The opening chapter is quite useful in tracing the significance of Creed’s original argument, highlighting the ways in which abjection as a psychic experience is especially provocative in being pre-Oedipal, coming prior to both language and sexual identity. The editors argue that the abject’s connection to a sense of fluidity and engagement with the pre-phallic mother opens up exciting possibilities for alternative readings of sexuality and gender not governed by the law of the Symbolic. Overall, the editors develop a rich overview of Kristeva’s idea of the abject, especially in relation to the body, flesh, death, and the corpse, all of which, of course, are the territory of the horror genre.

Patricia Pisters’ essay in the collection is titled “Carrie’s Sisters: New Blood in Contemporary Female Horror Cinema” and in it she begins by comparing Brian de Palma’s Carrie (1976) with Kimberly Pierce’s version from 2013, showing how each director handles scenes featuring menstruation and childbirth. Her inquiry is directed by a question central to several of these books, namely “Does it make a difference when these female issues are presented from a woman’s perspective?” (Pisters, Re-Reading, p. 123). Pisters answers affirmatively, asserting that Pierce’s film offers a subjective perspective and sense of feminine knowledge and agency lacking in de Palma’s version.

Carrie

Pisters takes up many of the same films that Creed addresses in Return of the Monstrous-Feminine in her 2020 book New Blood in Contemporary Cinema: Women Directors and the Poetics of Horror, with a focus specifically on work made by female filmmakers and working through three main hypotheses. Pisters argues first that the poetics of horror offered by these directors centres on attempts to produce experiences of somatic intimacy and a felt sense of social violence; second, it often engages a range of feelings beyond fear to include jealousy, paranoia, sadness, and other affects that may be related to trauma; and third, that this kind of horror may venture beyond traditional generic confines, often blending genres as a means for exploring psychological, social, or political aspects of life that conjure horror. Pisters, citing the great work of Jane Gaines on the lost or forgotten work of women in silent cinema in her book Pink-Slipped, hopes to highlight this body of work specifically to avoid its eclipse.4 “By focusing on the agency of female makers, I want to flag their presence in the contemporary cinema landscape so as not to let them slip away again” (Pisters, p. 4). 

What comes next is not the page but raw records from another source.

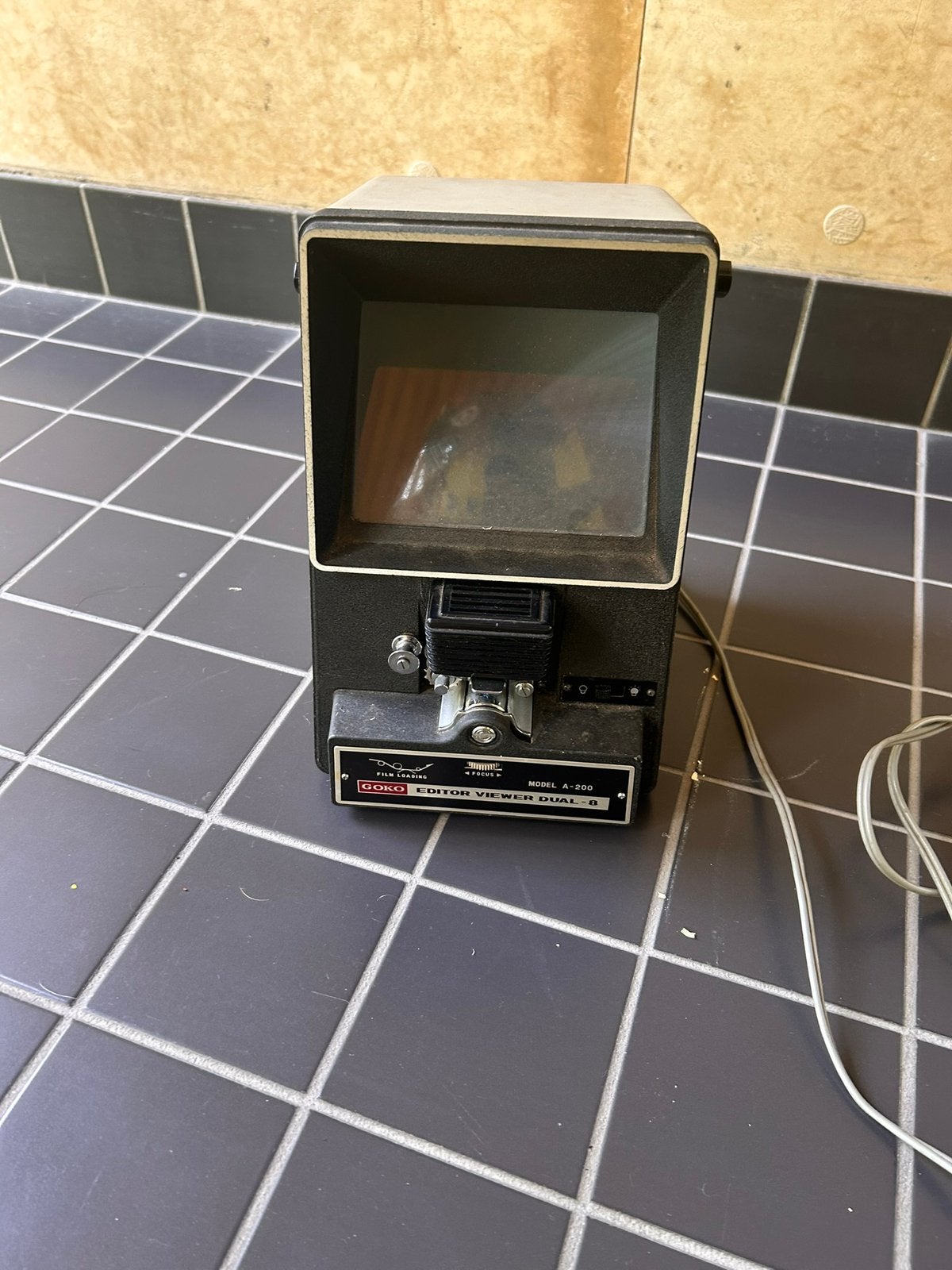 dual-8 filmkijker en projector, Ophalen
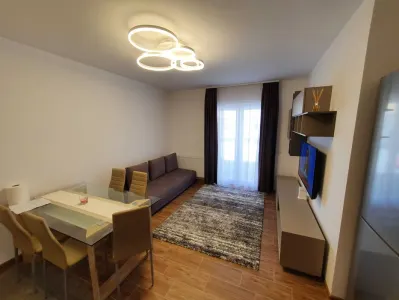 Apartament 3 camere, regim vila, cu gradina, Tractorul, Brasov - Brasov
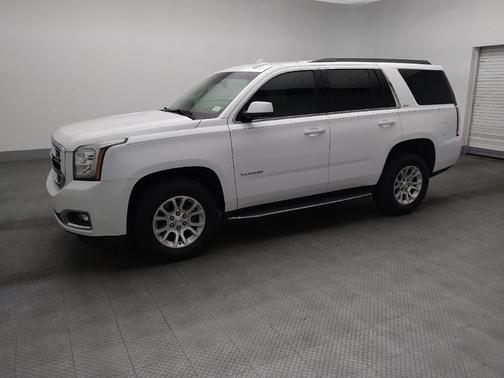 White 2017 GMC Yukon SLT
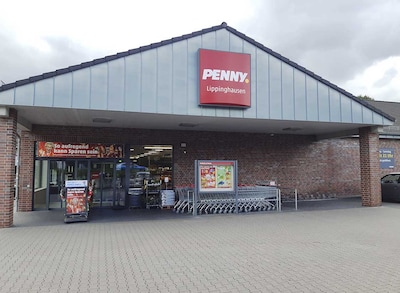Sie sehen den Eingang vom Penny Markt in Hiddenhausen, Rathausstr. 40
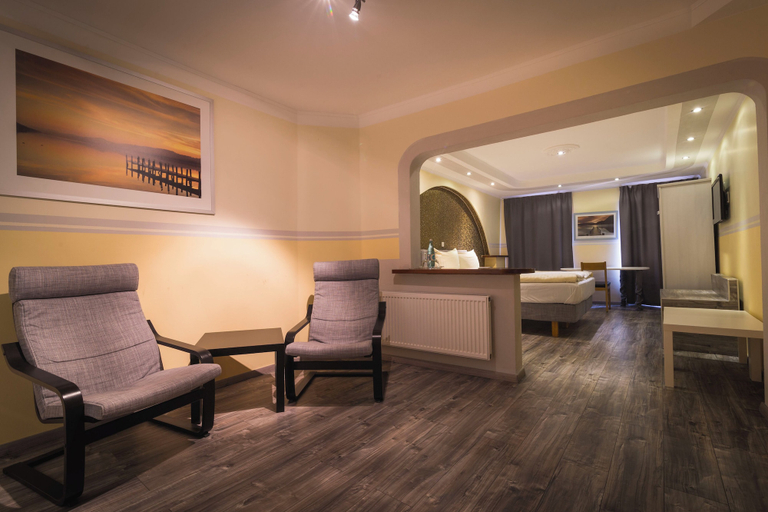 Room 5, Hotel am Markt - Restaurant Meridiana, Trier-Saarburg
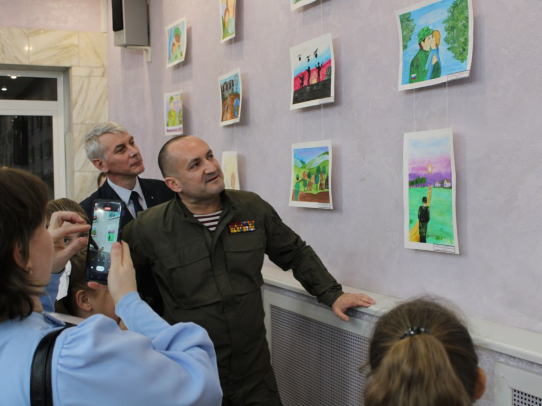 В региональном парламенте открыли выставку детских рисунков «Равнение на Героев!»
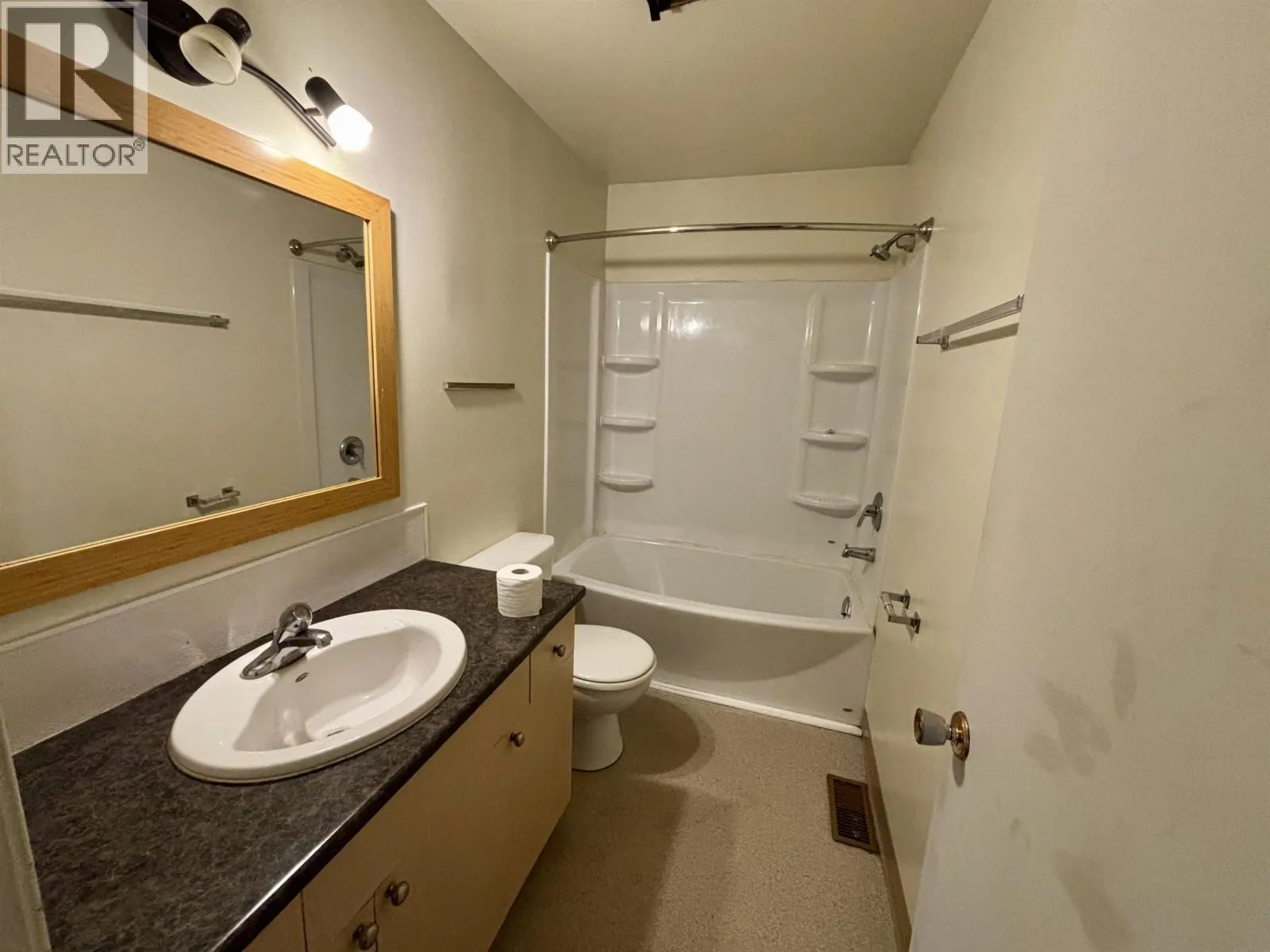 1444 FRASER CRESCENT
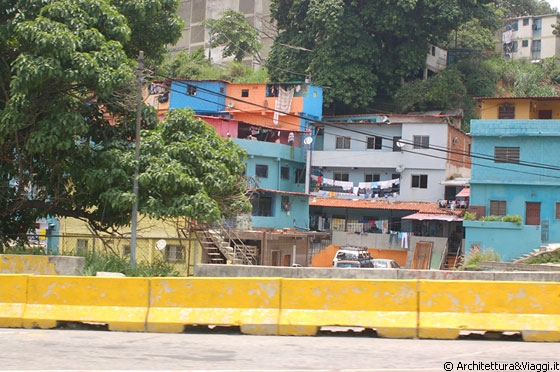 VERSO LA MAIQUETIA - Pezzi di città abusivi e mal costruiti e mentre viaggiamo facciamo il bilancio sul Venezuela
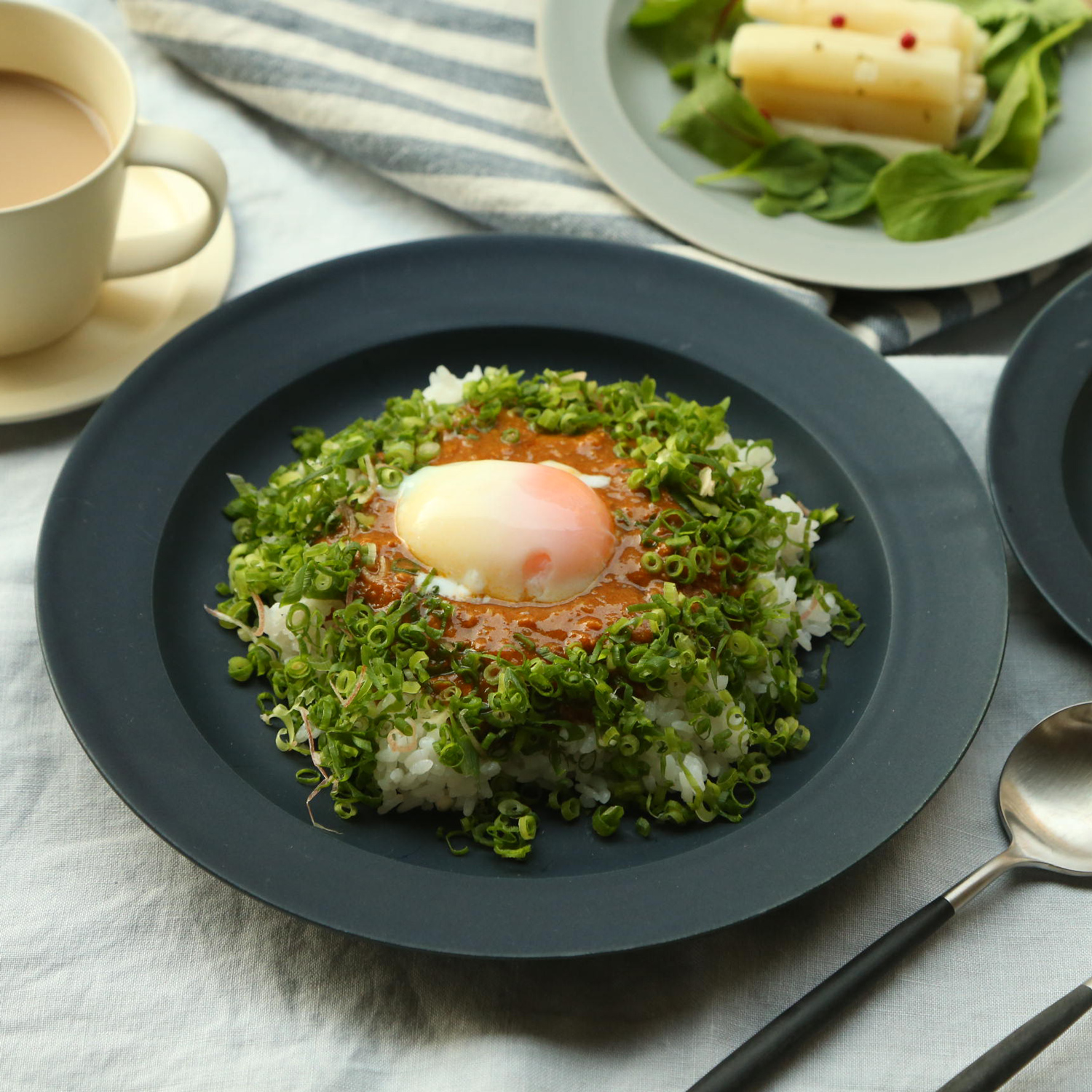 SAKUZAN/Sara プレート L -繊細な色で料理を引き立てる器 - スタイルストア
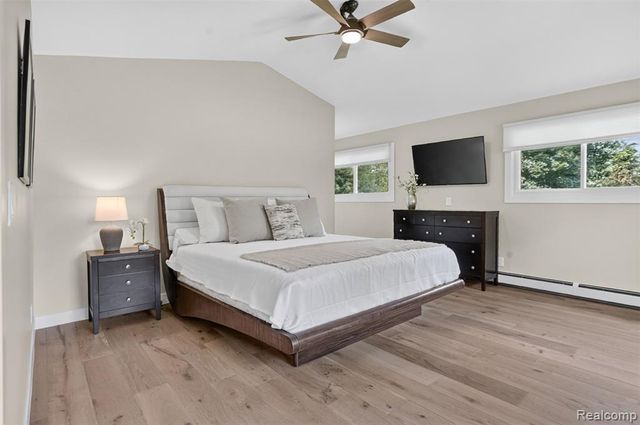 3885 Quarton Road, Bloomfield Hills, MI 48302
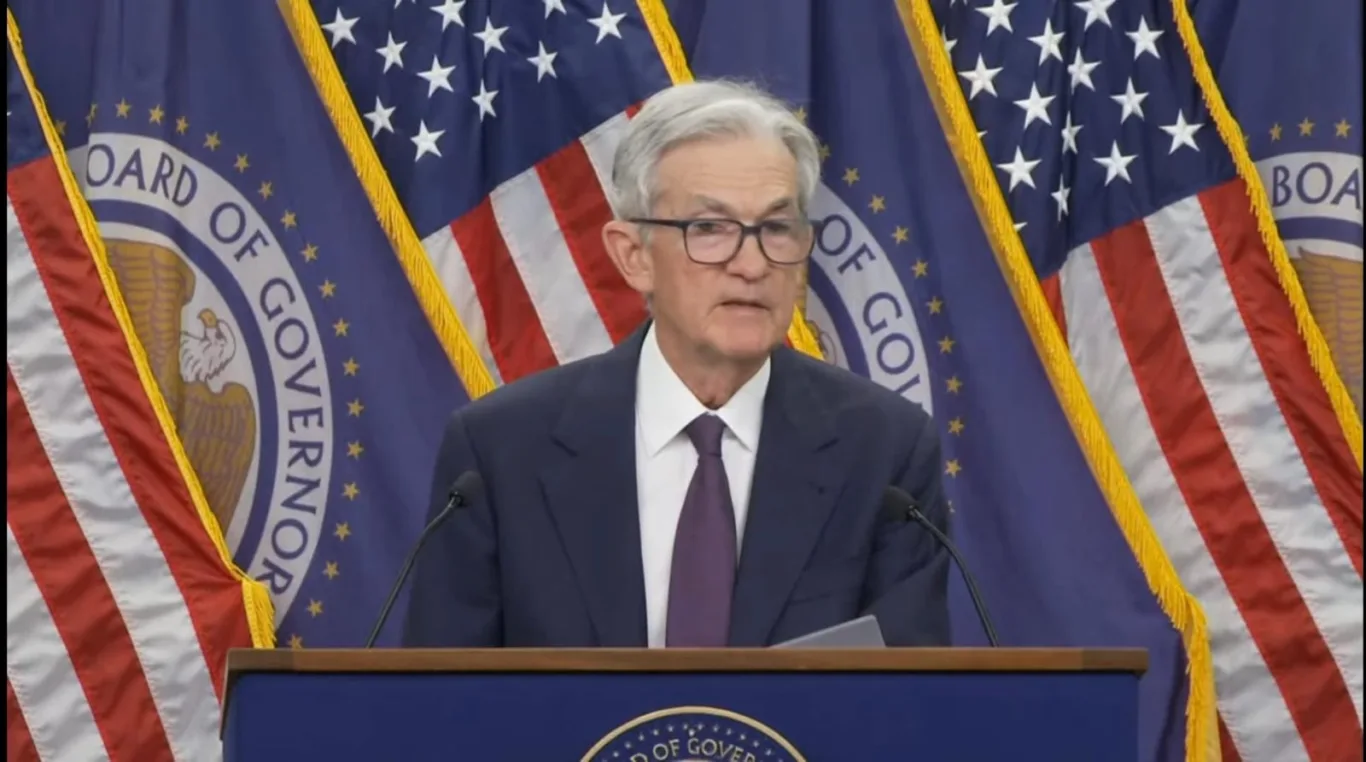 Jerome Powell discursou e respondeu jornalistas após a divulgação da taxa de juros base dos EUA (Foto: Reprodução/Youtube Yahoo Finance)
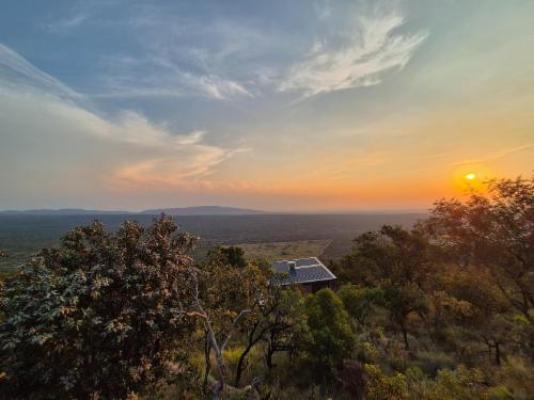 Vula Valla Game & Safaris - Mountain view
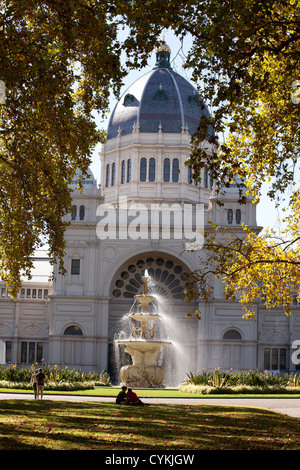 Allee der Baum im royal Exhibition Center, Carlton Gardens Melbourne Victoria Australien gelb Golden Jahreszeiten lässt Stockfoto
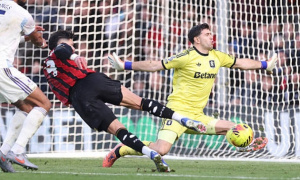 Martinez trổ tài cứu Villa thoát thua trước Bournemouth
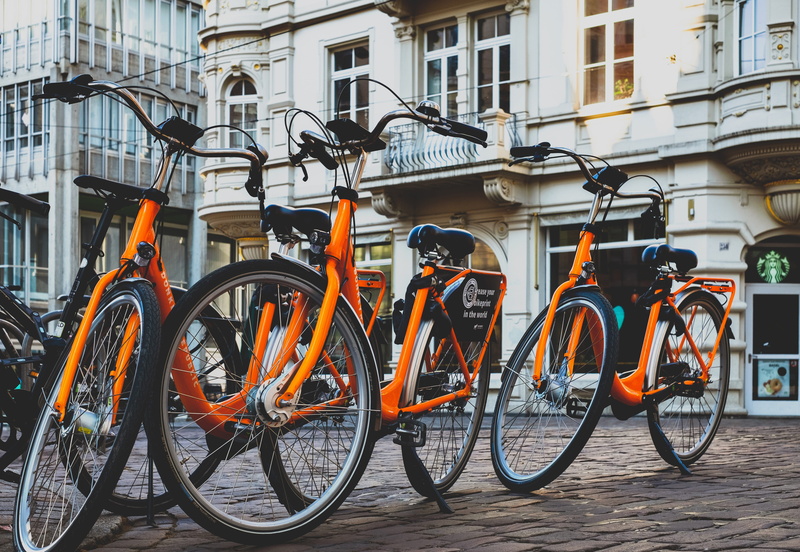 outdoors, tourism, rental bike, transportation, day, bike, road, land vehicle, 4K, building exterior, cycling, means of transport, bicycle, no people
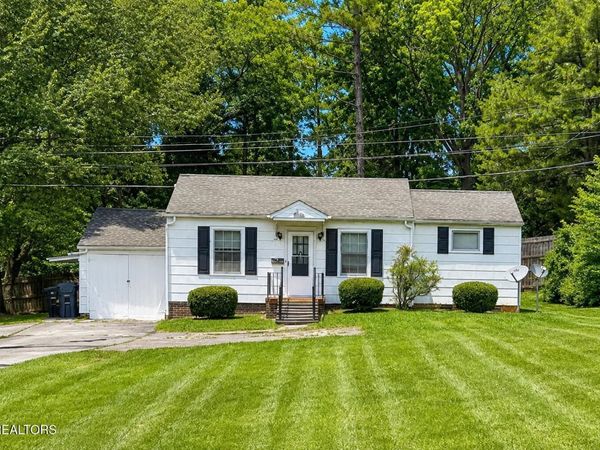 227 Doughty Drive, Knoxville, TN 37918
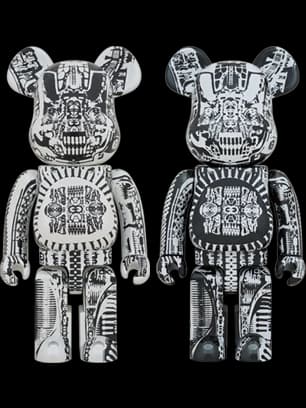 H.R.GIGER WHITE CHROME Ver./BLACK CHROME Ver. BE@RBRICK
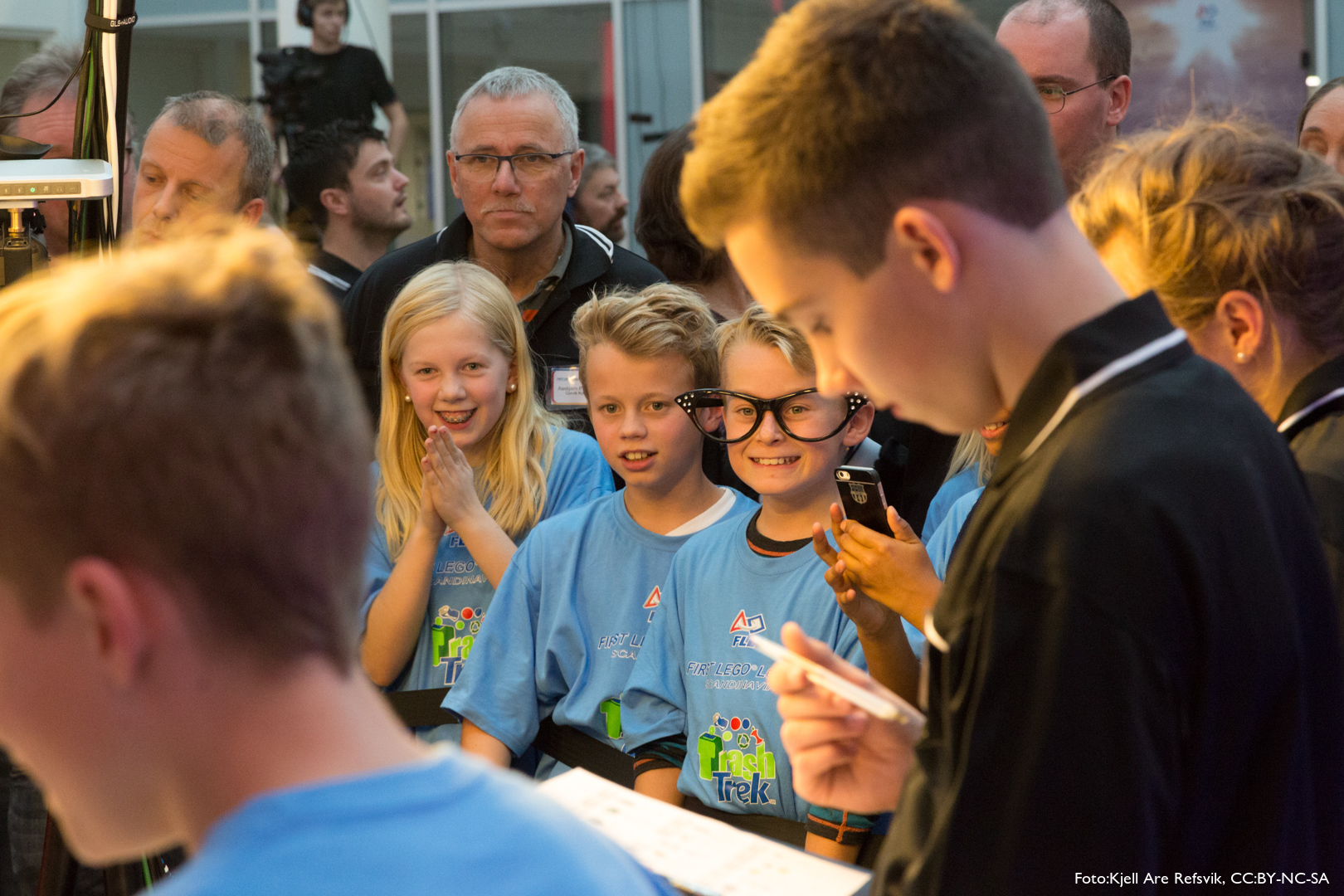 Studenter produserer First LEGO League 2015 på Gjøvik.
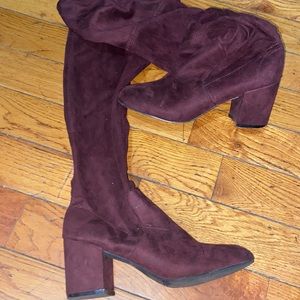Maroon knee high heeled shoes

As she continues her introduction to the book, Pisters makes an unusual detour, offering a reading of Virginia Woolf’s Orlando and A Room of One’s Own, texts written nearly a century ago with seemingly little to do with horror cinema. However, Pisters deploys Woolf to note both the vital contribution to feminism made by these works in conjuring both a fluidity of gender and politics of creativity while acknowledging their limitations with regard to a blindness to class privilege and race. Noting the critiques of Woolf, Pisters writes, “I want to take the challenges and lessons of black feminists and women of colour to heart. I will not suggest that all struggles expressed in a poetics of horror in cinema are the same, nor do I intend to appropriate any of the many different fights that find their way onto screens” (Pisters, p. 10). 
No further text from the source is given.